Material provided: Begin

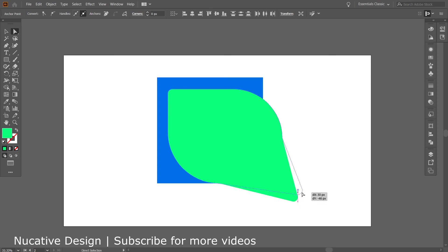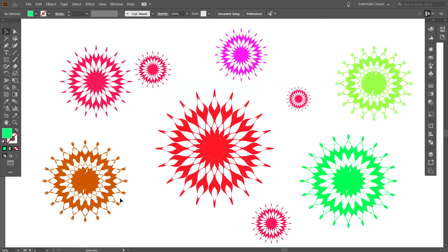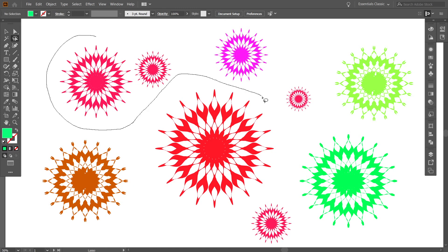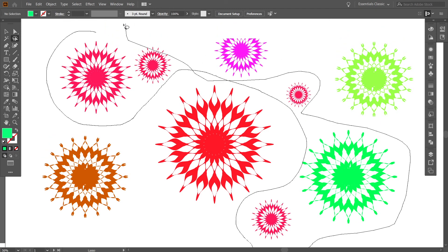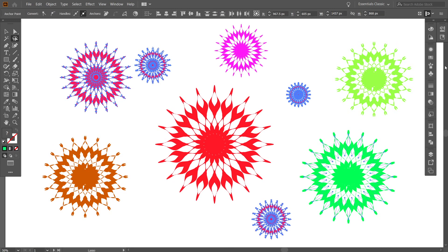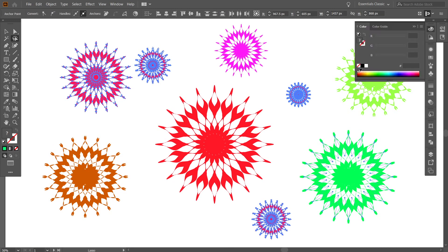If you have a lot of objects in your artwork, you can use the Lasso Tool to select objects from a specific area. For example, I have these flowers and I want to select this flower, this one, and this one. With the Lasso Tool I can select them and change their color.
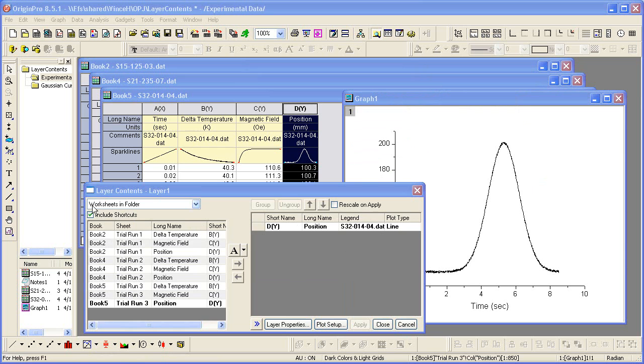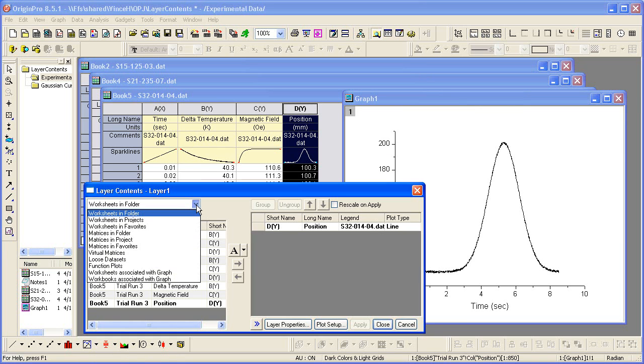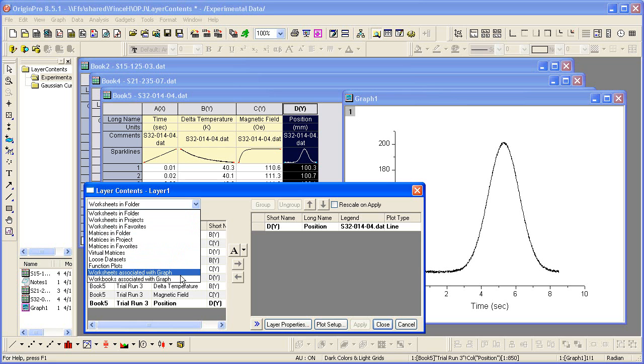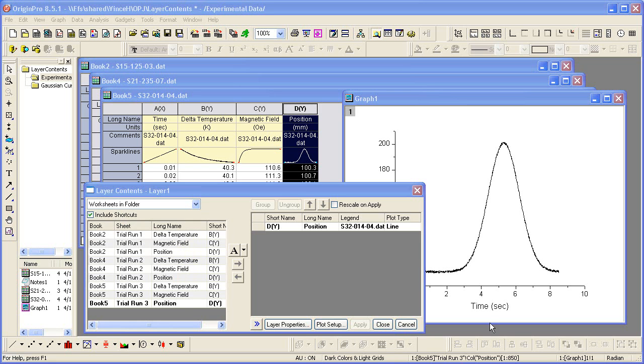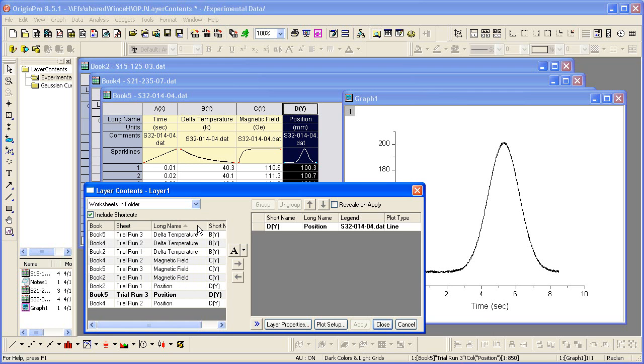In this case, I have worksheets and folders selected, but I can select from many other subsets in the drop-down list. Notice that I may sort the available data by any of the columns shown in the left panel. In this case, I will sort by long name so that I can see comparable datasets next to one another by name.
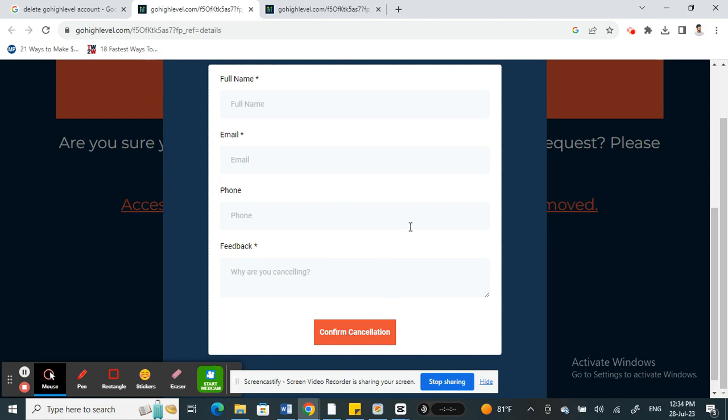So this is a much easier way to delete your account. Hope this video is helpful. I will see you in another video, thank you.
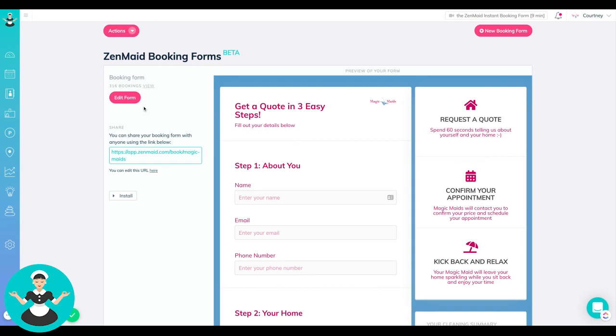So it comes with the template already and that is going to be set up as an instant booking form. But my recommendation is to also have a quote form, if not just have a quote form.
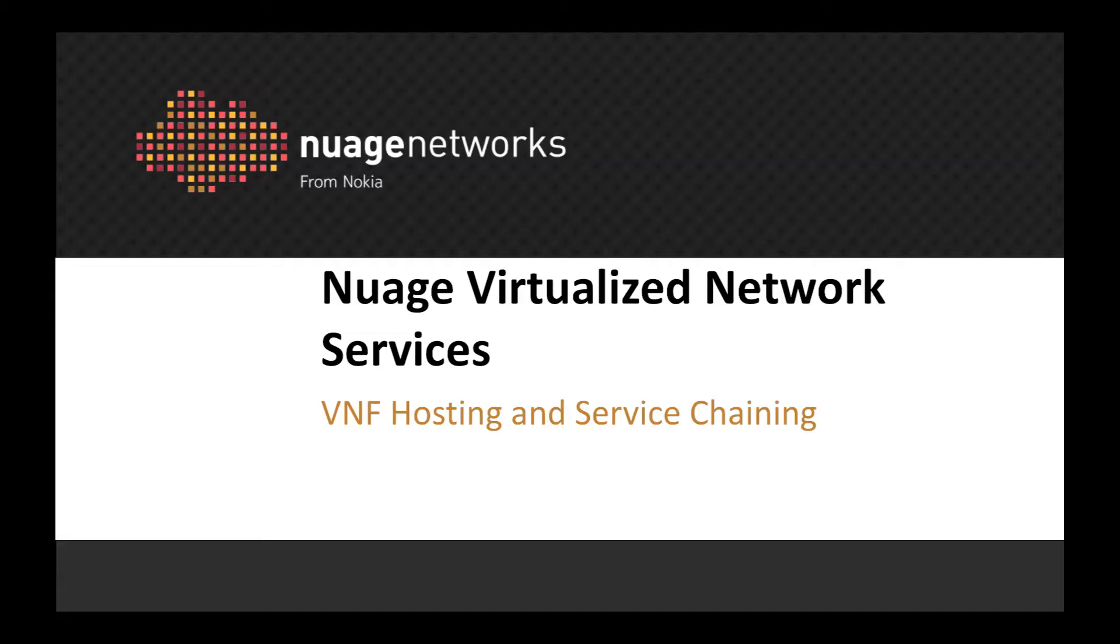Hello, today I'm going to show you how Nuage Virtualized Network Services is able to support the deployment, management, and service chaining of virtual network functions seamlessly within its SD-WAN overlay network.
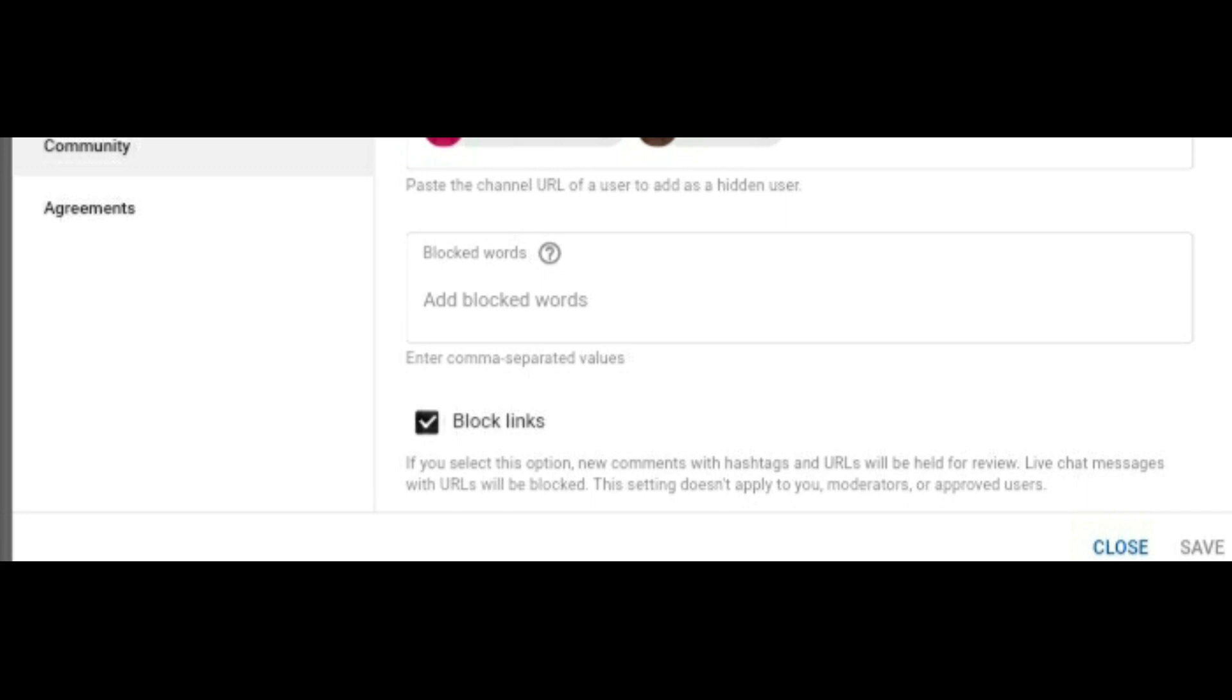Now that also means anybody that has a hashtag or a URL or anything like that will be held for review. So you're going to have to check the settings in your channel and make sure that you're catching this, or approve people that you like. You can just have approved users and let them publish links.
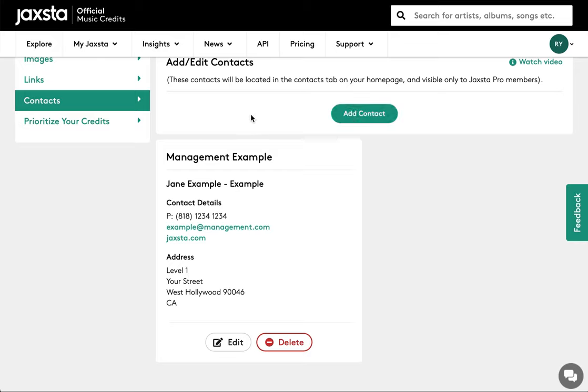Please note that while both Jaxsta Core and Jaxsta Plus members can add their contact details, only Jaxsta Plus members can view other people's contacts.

Material provided: End

[Your assignment]:
Only an exact copy of the lines from the top of the entries through the line with "Now that also", both included, should be given, with all pictures omitted.

[Output]:
If you have a lot of objects in your artwork, you can use the Lasso Tool to select objects from a specific area. For example, I have these flowers and I want to select this flower, this one, and this one. With the Lasso Tool I can select them and change their color.
In this case, I have worksheets and folders selected, but I can select from many other subsets in the drop-down list. Notice that I may sort the available data by any of the columns shown in the left panel. In this case, I will sort by long name so that I can see comparable datasets next to one another by name.
So this is a much easier way to delete your account. Hope this video is helpful. I will see you in another video, thank you.
So it comes with the template already and that is going to be set up as an instant booking form. But my recommendation is to also have a quote form, if not just have a quote form.
Hello, today I'm going to show you how Nuage Virtualized Network Services is able to support the deployment, management, and service chaining of virtual network functions seamlessly within its SD-WAN overlay network.
Now that also means anybody that has a hashtag or a URL or anything like that will be held for review. So you're going to have to check the settings in your channel and make sure that you're catching this, or approve people that you like. You can just have approved users and let them publish links.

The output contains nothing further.